Special Forces Using High Tech Tools To ID Terrorists


Special Forces Using High Tech Tools To ID Terrorists

Fingerprints are so 20th-century. When special forces operators are deep behind enemy lines in the middle of the night in Pakistan or Syria, they need to know who they've found and they need to know fast.

Rather than rely on fingerprints, the troops are now using rapid DNA profiling technology.

This past Wednesday, the U.S. Special Operations Command revealed that they are testing two rapid DNA readers in the field. The soldiers feed in a DNA sample, and the reader compares it against a database of DNA tied to identities.

The machines are early versions, weighing over 60 pounds. They are also expensive: each costs about $250,000. But in 90 minutes they can get a result where the old process takes weeks.

“These things are downrange and we’re spending a year gathering data — on the utility, on how well is it working, the match rate, how well are the operators keeping them up and running,” stated Michael S. Fitz, manager of the Sensitive Site Exploitation Special Reconnaissance, Surveillance & Exploitation program at U.S. Special Operations Command.

The devices being tested are the RapidHIT 200 from IntegenX, of California, and the DNAscan from NetBIO, of Massachusetts. Both are the size of a photocopier, but compared to an entire DNA lab, require less manpower and are more portable. Just one operator can get quick results. “In the past, when we captured DNA, the guy would put it in an envelope, send it back to the States and two or three weeks later, he would get a result on who it was that he had. By then, he moved on to other missions and he had forgotten who the guy was,” said Fitz.

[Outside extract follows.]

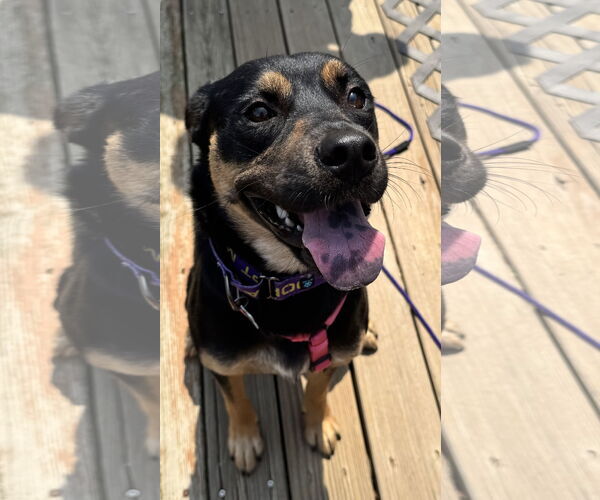 Medium Photo #7 Mutt Puppy For Sale in Sykesville, MD, USA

The major use case? Verifying the identity of targets, such as Osama Bin Laden, either before raids or after. “Our whole program is built around follow-on targeting. We don’t gather biometrics for criminal prosecution,” Fitz said. “Our primary objective is actionable intelligence for follow-on targeting.”

The Bin Laden raid actually used this approach, but with traditional processing methods that took weeks. The hope of the Defense Department is that all missions in the future will use such technology to improve both mission accuracy and speed.